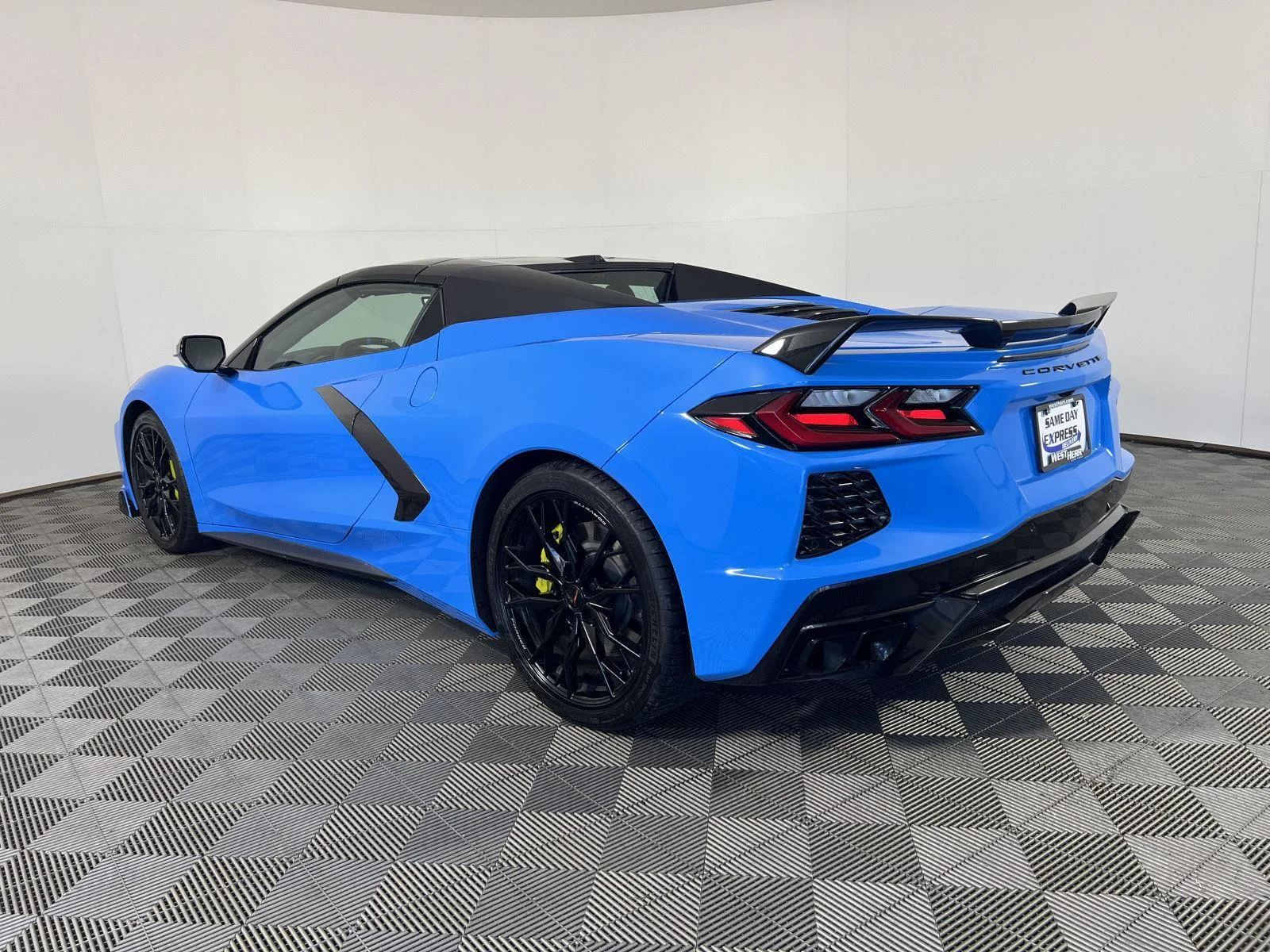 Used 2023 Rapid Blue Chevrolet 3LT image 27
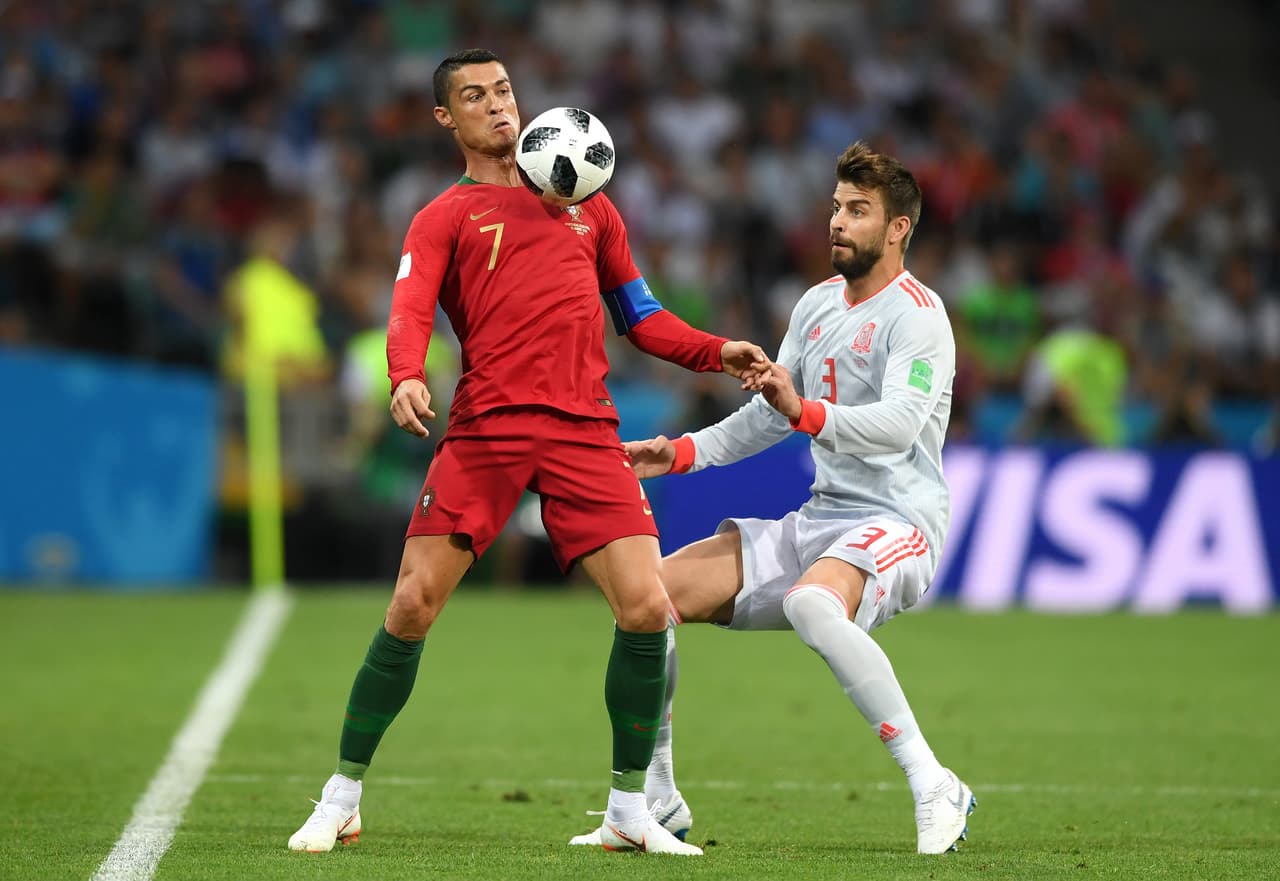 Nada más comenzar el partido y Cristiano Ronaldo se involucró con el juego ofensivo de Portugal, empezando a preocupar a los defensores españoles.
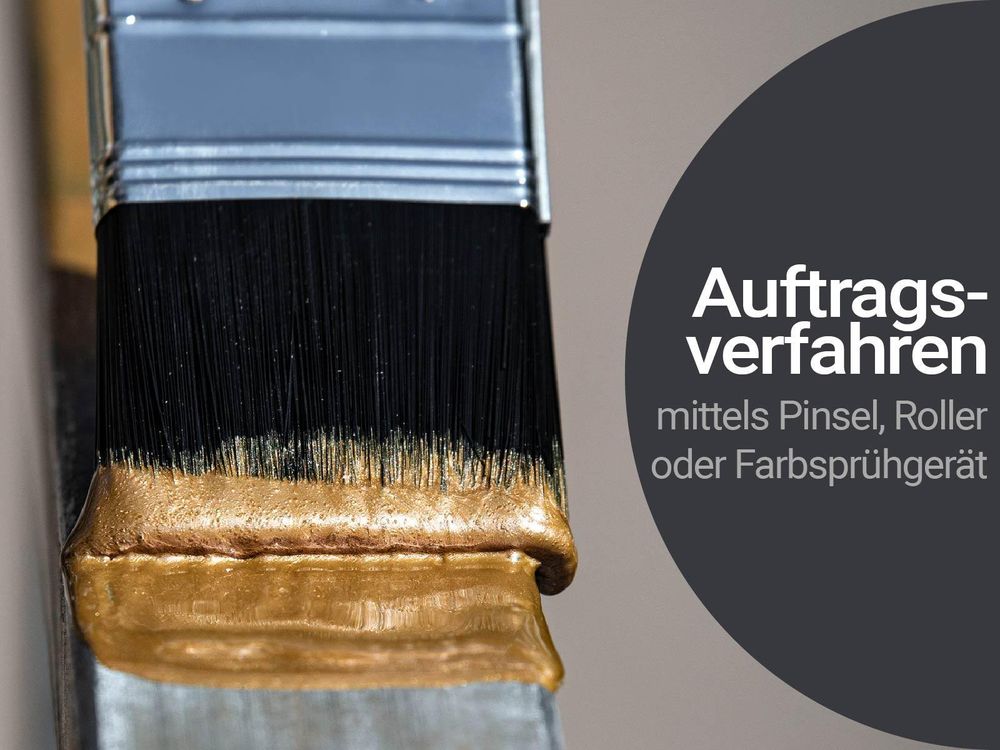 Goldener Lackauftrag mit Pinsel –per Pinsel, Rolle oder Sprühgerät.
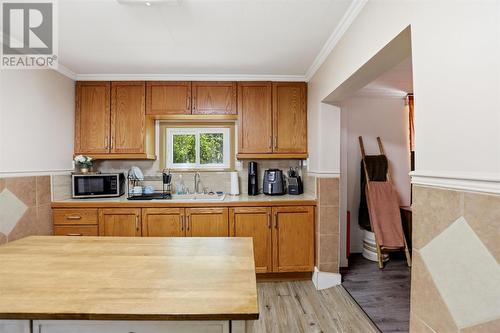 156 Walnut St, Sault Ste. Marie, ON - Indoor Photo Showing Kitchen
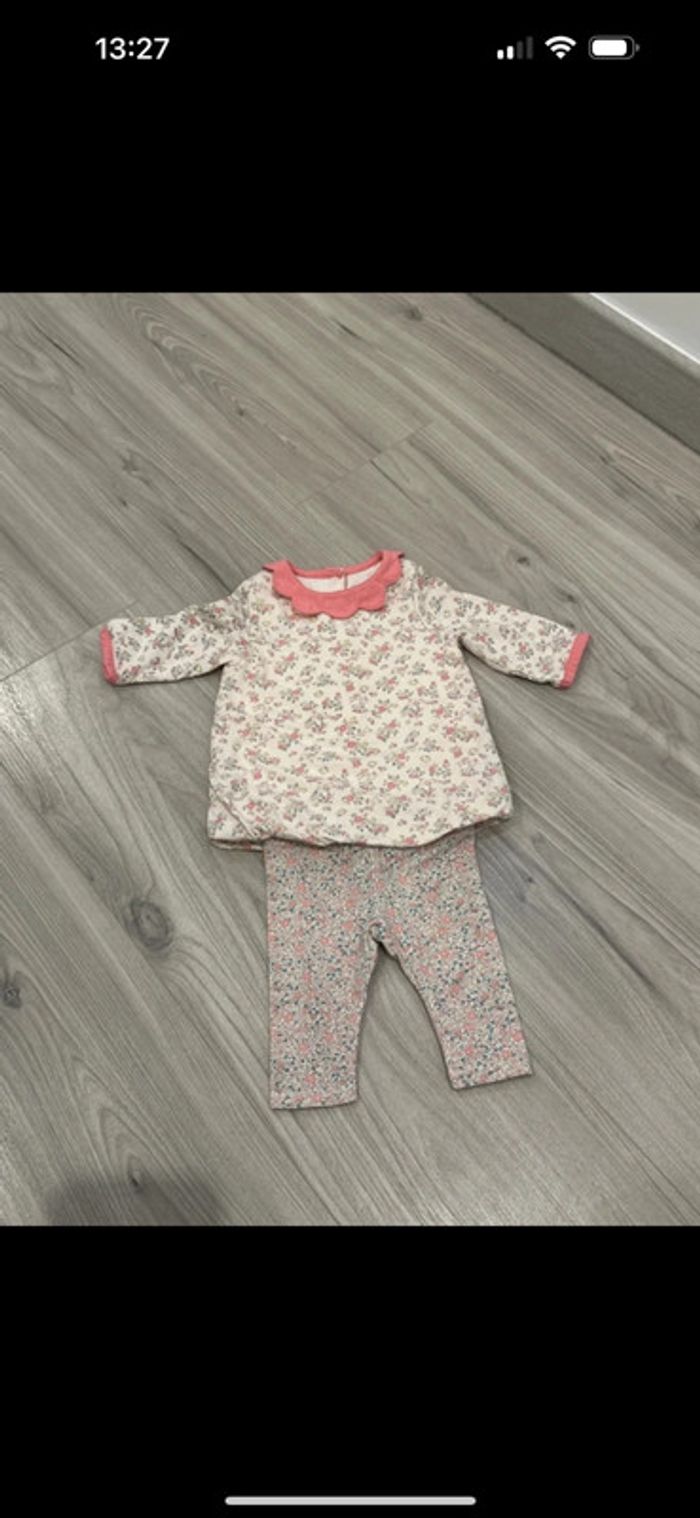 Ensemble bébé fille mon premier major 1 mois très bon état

○ ○ ○ ○ ○ ○ ○

-- What this task involves --
Exactly repeat only the lines from the one with "Nada más comenzar" to the closing line above, both included, and omit every picture.

-- Reply --
 Nada más comenzar el partido y Cristiano Ronaldo se involucró con el juego ofensivo de Portugal, empezando a preocupar a los defensores españoles.
 Goldener Lackauftrag mit Pinsel –per Pinsel, Rolle oder Sprühgerät.
 156 Walnut St, Sault Ste. Marie, ON - Indoor Photo Showing Kitchen
 Ensemble bébé fille mon premier major 1 mois très bon état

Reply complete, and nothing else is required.